:: WHAT IS NEEDED ::
Please give again, word for word, the lines that lie between the start of the listing below and the line with "Epson T56U9 Tintapatron", both included.

===== RECORDS

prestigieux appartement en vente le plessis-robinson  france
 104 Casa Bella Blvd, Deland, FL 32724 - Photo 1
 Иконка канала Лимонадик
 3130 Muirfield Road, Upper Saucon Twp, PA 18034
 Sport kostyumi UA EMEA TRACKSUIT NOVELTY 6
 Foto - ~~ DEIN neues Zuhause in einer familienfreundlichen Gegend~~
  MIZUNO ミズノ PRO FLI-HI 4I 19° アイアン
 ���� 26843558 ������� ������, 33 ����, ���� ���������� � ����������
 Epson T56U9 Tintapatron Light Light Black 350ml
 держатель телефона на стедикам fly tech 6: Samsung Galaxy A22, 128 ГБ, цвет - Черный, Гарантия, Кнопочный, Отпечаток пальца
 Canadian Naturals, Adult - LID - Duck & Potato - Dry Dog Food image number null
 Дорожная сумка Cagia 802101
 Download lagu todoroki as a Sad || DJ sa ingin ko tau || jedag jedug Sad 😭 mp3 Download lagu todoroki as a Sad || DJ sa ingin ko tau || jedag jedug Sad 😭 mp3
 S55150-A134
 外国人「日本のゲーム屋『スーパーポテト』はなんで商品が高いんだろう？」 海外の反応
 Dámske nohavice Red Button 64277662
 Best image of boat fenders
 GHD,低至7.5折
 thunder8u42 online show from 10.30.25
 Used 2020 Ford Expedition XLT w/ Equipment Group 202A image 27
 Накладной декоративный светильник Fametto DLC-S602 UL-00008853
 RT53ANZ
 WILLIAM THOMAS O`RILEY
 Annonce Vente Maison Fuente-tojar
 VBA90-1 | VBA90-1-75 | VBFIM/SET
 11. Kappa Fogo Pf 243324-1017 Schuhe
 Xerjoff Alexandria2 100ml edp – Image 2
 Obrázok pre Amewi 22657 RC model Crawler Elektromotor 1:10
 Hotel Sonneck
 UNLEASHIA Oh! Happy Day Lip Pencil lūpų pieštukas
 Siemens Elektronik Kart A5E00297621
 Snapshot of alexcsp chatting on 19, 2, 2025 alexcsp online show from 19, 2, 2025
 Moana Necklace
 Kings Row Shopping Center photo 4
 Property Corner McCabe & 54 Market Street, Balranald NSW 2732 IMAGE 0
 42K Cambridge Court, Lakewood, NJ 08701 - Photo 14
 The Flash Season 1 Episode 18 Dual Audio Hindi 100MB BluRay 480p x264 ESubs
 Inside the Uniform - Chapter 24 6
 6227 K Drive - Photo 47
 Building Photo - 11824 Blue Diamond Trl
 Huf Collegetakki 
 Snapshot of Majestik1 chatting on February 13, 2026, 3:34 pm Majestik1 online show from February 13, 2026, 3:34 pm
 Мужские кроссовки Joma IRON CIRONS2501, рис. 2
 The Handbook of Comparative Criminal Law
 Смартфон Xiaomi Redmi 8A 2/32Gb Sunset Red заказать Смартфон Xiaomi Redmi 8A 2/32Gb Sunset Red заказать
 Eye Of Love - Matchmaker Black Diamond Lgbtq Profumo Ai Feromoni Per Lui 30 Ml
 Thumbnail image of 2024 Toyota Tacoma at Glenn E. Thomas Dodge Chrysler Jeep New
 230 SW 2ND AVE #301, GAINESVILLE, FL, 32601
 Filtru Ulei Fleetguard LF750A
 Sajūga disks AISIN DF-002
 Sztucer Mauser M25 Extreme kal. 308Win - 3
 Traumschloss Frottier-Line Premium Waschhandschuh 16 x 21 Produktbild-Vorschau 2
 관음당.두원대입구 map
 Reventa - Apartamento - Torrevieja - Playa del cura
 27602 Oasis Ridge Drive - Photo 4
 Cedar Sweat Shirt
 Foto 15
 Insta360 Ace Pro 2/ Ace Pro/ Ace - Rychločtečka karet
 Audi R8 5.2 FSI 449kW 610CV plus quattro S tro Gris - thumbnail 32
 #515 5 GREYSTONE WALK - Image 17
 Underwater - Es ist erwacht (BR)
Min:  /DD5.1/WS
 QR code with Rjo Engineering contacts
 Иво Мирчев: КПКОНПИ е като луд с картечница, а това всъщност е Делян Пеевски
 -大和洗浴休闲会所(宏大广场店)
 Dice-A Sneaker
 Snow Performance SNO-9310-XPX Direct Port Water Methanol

==========

:: WRITTEN RESPONSE ::
prestigieux appartement en vente le plessis-robinson  france
 104 Casa Bella Blvd, Deland, FL 32724 - Photo 1
 Иконка канала Лимонадик
 3130 Muirfield Road, Upper Saucon Twp, PA 18034
 Sport kostyumi UA EMEA TRACKSUIT NOVELTY 6
 Foto - ~~ DEIN neues Zuhause in einer familienfreundlichen Gegend~~
  MIZUNO ミズノ PRO FLI-HI 4I 19° アイアン
 ���� 26843558 ������� ������, 33 ����, ���� ���������� � ����������
 Epson T56U9 Tintapatron Light Light Black 350ml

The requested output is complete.